As far as possible, nurseries should be located where the soil is of good quality. A nursery mixture comprising of good fertile soil, well rotten farm yard manure and silt in a 3:1:1 ratio should be prepared, and put into perforated polythene bags (11 x 22.5 cm). Scarified seeds can then be sown in February, but generally in September, and the seedlings develop quickly, attaining a height of 40-50 cm in 4-5 months.

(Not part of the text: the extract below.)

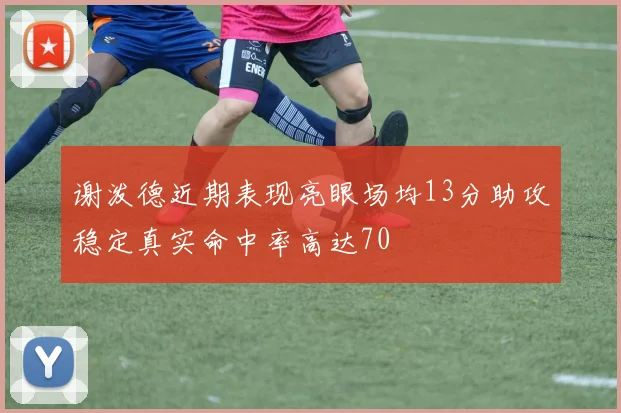 谢泼德近期表现亮眼场均13分助攻稳定真实命中率高达70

Prosopis germplasm at CSSRI, Karnal
As a part of a Prosopis improvement programme, a large scale collection of seeds of superior trees is being obtained from both within India and from abroad. Mother plants of 20 Prosopis spp. have been raised in the CSSRI greenhouse, and a seed orchard has been established at the institute which will produce seeds in 3-4 years. The species planted in the orchard are; P. alba, P. articulata, P. chilensis, P.cineraria, P. glandulosa, P. juliflora (3 Indian accessions), P. tamarugo, P. velutina, and P. spp. (accessions PF 0450, PF 0457 and PF 1117). Most Prosopis species have thorns, a bushy architecture and slow growth rates. These characteristics hamper their widespread cultivation. In fact, although P. juliflora is highly tolerant of both saline and alkali conditions, its cultivation in India has not been popular on account of its prominent thorns and bushy growth, while P. cineraria is an ideal plant for the rehabilitation of desert lands but is very slow growing. There is an urgent need to modify and improve the undesirable features of Prosopis spp. to suit different situations, and in this context the following approaches are suggested:
a) selection of single stemmed plants in the field, and the collection of seeds from such plus trees, used to establish seed orchards,
b) methods need to be standardised to multiply superior germplasm through asexual methods, notably from stem cuttings as has already been achieved in the U.S.A. and India,
c) the use of inter and intra-species grafting to selecting root stock-scion wood for planting in different situations, for example in India, superior plantations could be raised by grafting fast growing, erect and thornless P.alba scions onto salt/alkaline tolerant P. juliflora rootstocks,
d) plant types can also be improved by manipulation of silvicultural practices such as planting at closer spacings to promote upward rather than spreading growth forms with the periodic removal of side branches producing a longer, clearer bole.